I get the following error output:

ℹ Initializing with 8 seed terms from starter_symptoms.txt
Traceback (most recent call last):
  File "/Users/strickvl/opt/anaconda3/lib/python3.7/runpy.py", line 193, in _run_module_as_main
    "__main__", mod_spec)
  File "/Users/strickvl/opt/anaconda3/lib/python3.7/runpy.py", line 85, in _run_code
    exec(code, run_globals)
  File "/Users/strickvl/opt/anaconda3/lib/python3.7/site-packages/prodigy/__main__.py", line 60, in <module>
    controller = recipe(*args, use_plac=True)
  File "cython_src/prodigy/core.pyx", line 300, in prodigy.core.recipe.recipe_decorator.recipe_proxy
  File "/Users/strickvl/opt/anaconda3/lib/python3.7/site-packages/plac_core.py", line 367, in call
    cmd, result = parser.consume(arglist)
  File "/Users/strickvl/opt/anaconda3/lib/python3.7/site-packages/plac_core.py", line 232, in consume
    return cmd, self.func(*(args + varargs + extraopts), **kwargs)
  File "/Users/strickvl/opt/anaconda3/lib/python3.7/site-packages/prodigy/recipes/terms.py", line 58, in teach
    nlp.vocab[s]
  File "vocab.pyx", line 249, in spacy.vocab.Vocab.__getitem__
  File "lexeme.pyx", line 47, in spacy.lexeme.Lexeme.__init__
  File "vocab.pyx", line 166, in spacy.vocab.Vocab.get_by_orth
  File "strings.pyx", line 136, in spacy.strings.StringStore.__getitem__
KeyError: "[E018] Can't retrieve string for hash '4035656307355538346'. This usually refers to an issue with the `Vocab` or `StringStore`."

I'm not quite sure how to fix this. Any pointers? Am I doing something wrong? I'm following exactly as @ines did it in the video...

Thank you!

You didn't do anything wrong. You were unlucky enough to hit one of the 4 (out of 1.1M) vectors with missing strings in this model. I noticed that a few were missing when I repackaged it for spacy v2.3.0, but I decided to leave those vectors in (keeping it identical to previous versions) since usually in spacy you start with a text before looking up vectors and you'd never notice that the strings were missing. Only if you're using some of the vector similarity methods do you go from vectors to words instead of the other way around.

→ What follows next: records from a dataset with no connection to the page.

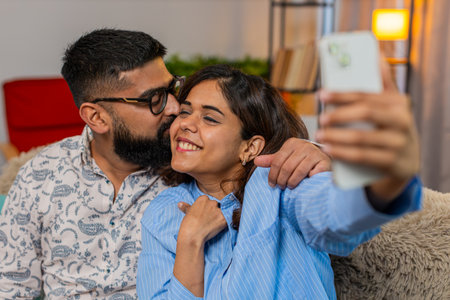 Indian couple man and woman sitting on home sofa and taking selfie on smartphone while smiling, man...
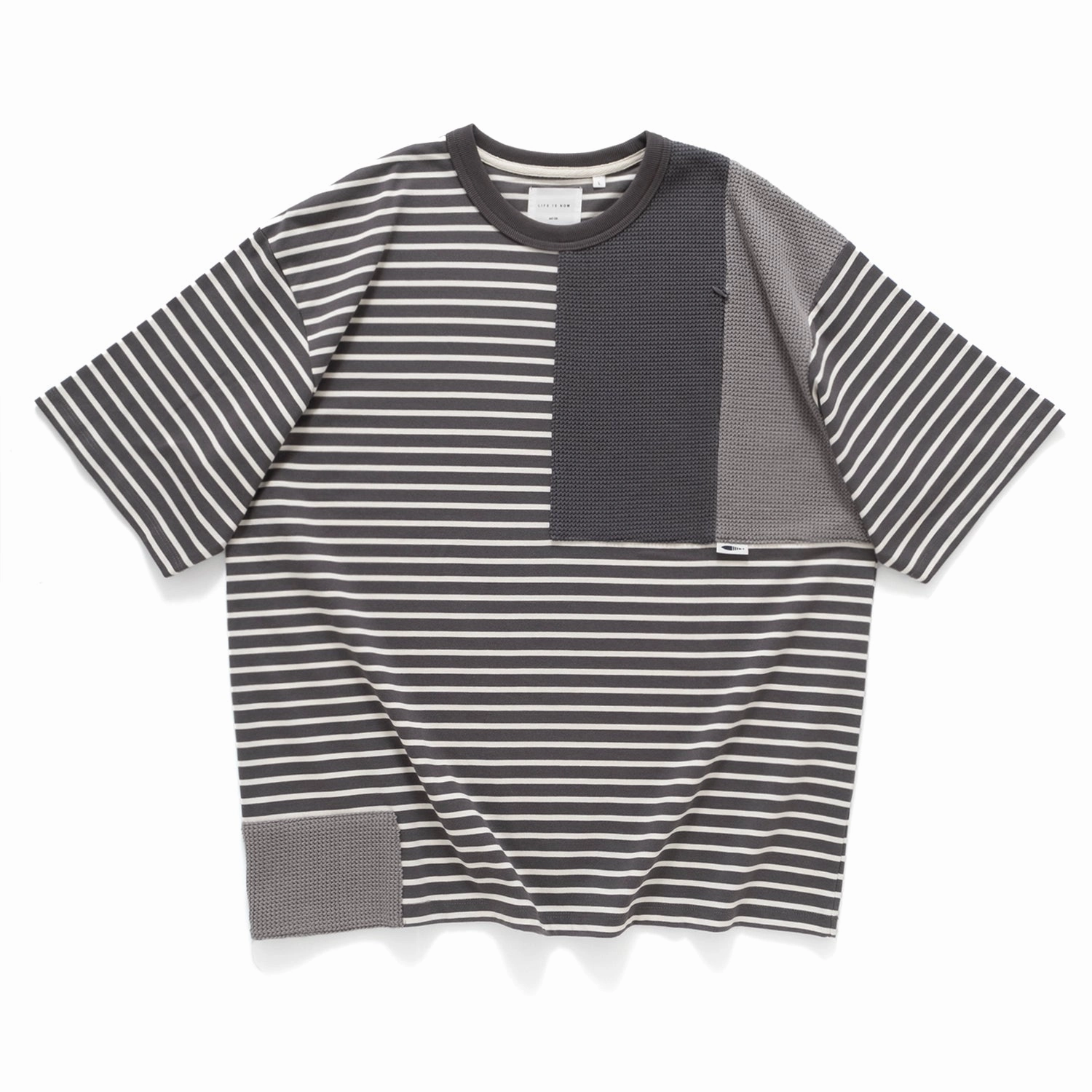 Elegant and Relaxed (TP1468) Stripe Patchwork Tee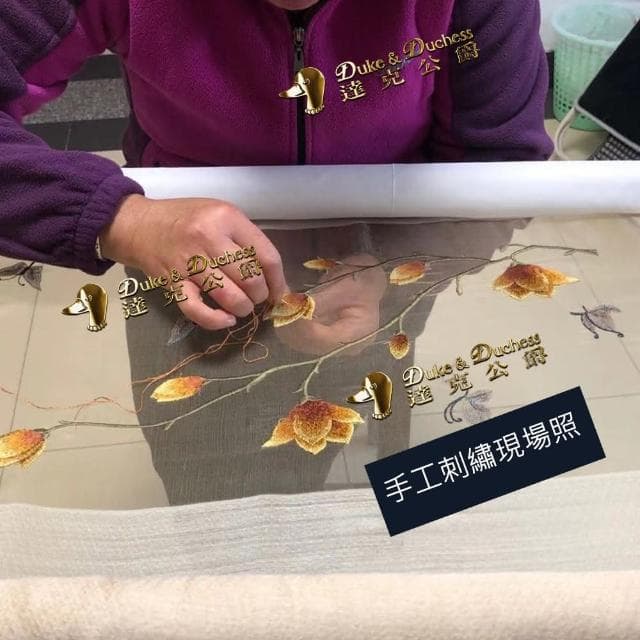 【達賀尊爵】新款真絲羊毛圍巾花卉披肩復古刺繡玉蘭花厚圍脖真絲混紡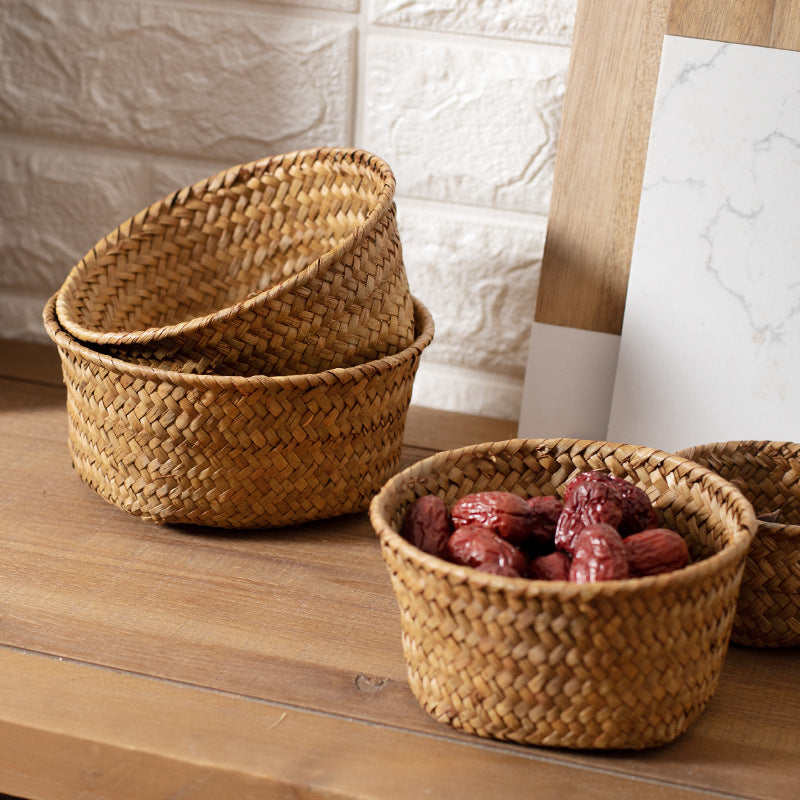 Handmade Natural Fiber Storage Basket Siopsrl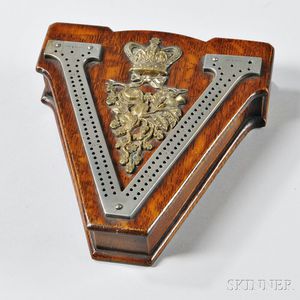 Carved Oak Brass-mounted Cribbage Board Box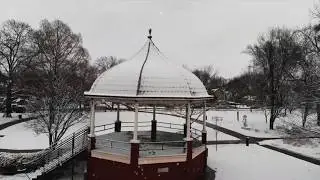 Snowy South Park in Lawrence, Kansas shot by Drone Lawrence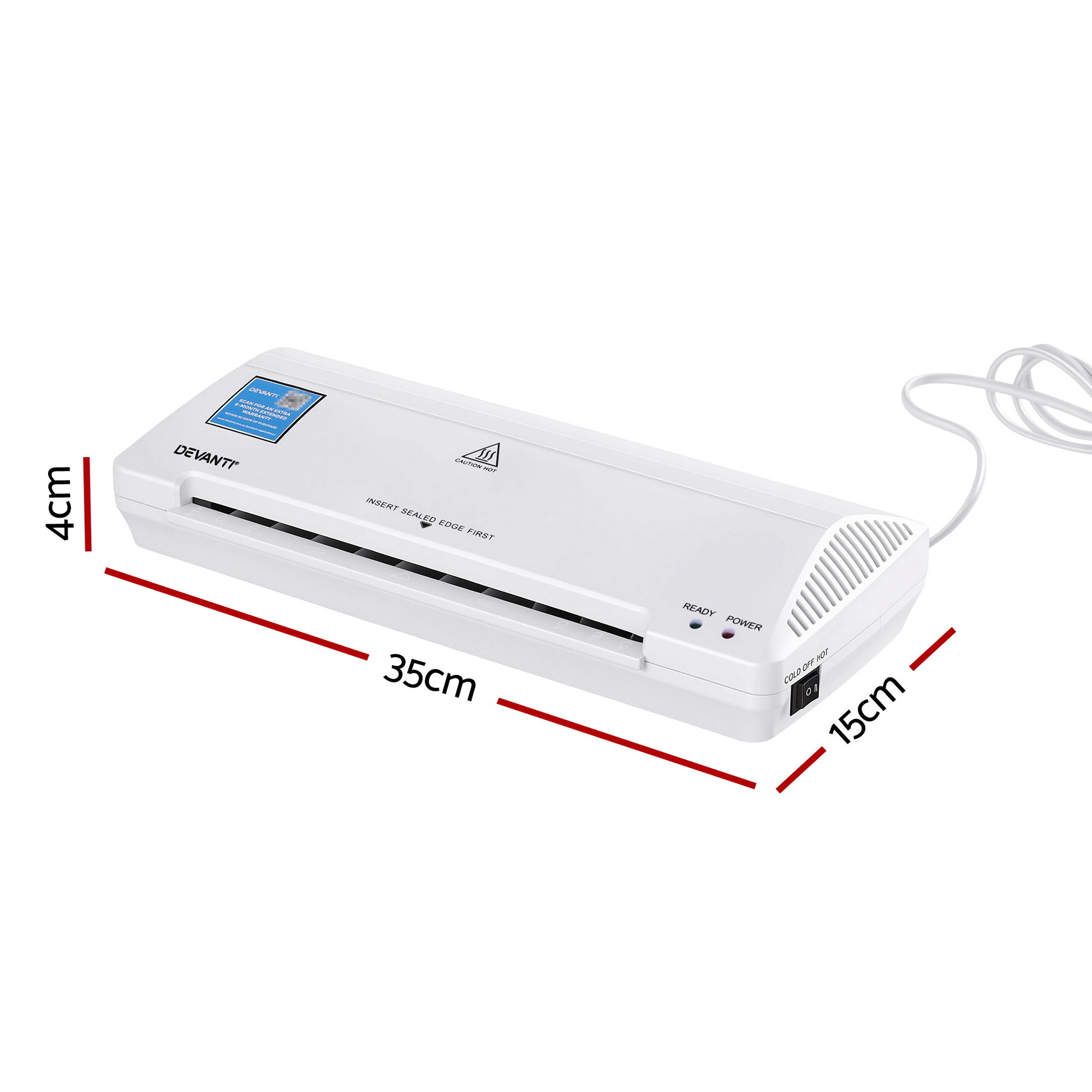Devanti A4 Laminator Machine Hot and Cold White view 2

But this is pretty problematic for you here and you need a version of this model that doesn't contain these vectors. Let's see, I think this is the easiest way:

nlp = spacy.load("en_vectors_web_lg")
for key in list(nlp.vocab.vectors.key2row):
    try:
        word = nlp.vocab.strings[key]
    except KeyError:
        del nlp.vocab.vectors.key2row[key]
nlp.to_disk("/path/to/mod_en_vectors_web_lg")

Then use the full path to the saved model (/path/to/mod_en_vectors_web_lg) as the model with terms.teach instead of en_vectors_web_lg. If you want to have this installed as a python package with pip, you can modify the model name and the vectors name in meta.json and package it using spacy package.

I'm a little hesitant to release a modified version of this model at this point because it's been used in so many different places over the years. We'll have to think about what makes sense here. Sorry you ran into this bug!

1 Like

That is perfect. Solution worked fine. Thank you for this clear and helpful response!

Please will someone walk me through this solution step by step?

@adriane please can you walk me through this?

@jal I think the solution might be simpler than you think :slightly_smiling_face: The code snippet posted above is a standalone script you can run that saves out a modified version of the vectors model that doesn't include any of the missing strings.

It saves the modified vectors model out to a path, and you can then use that path as the input model, instead of en_vectors_web_lg.

Thank you. It worked.

I was also unlucky to hit the hash '4035656307355538346' in my 7-term initialisation :slight_smile: Happy this post exists.

1 Like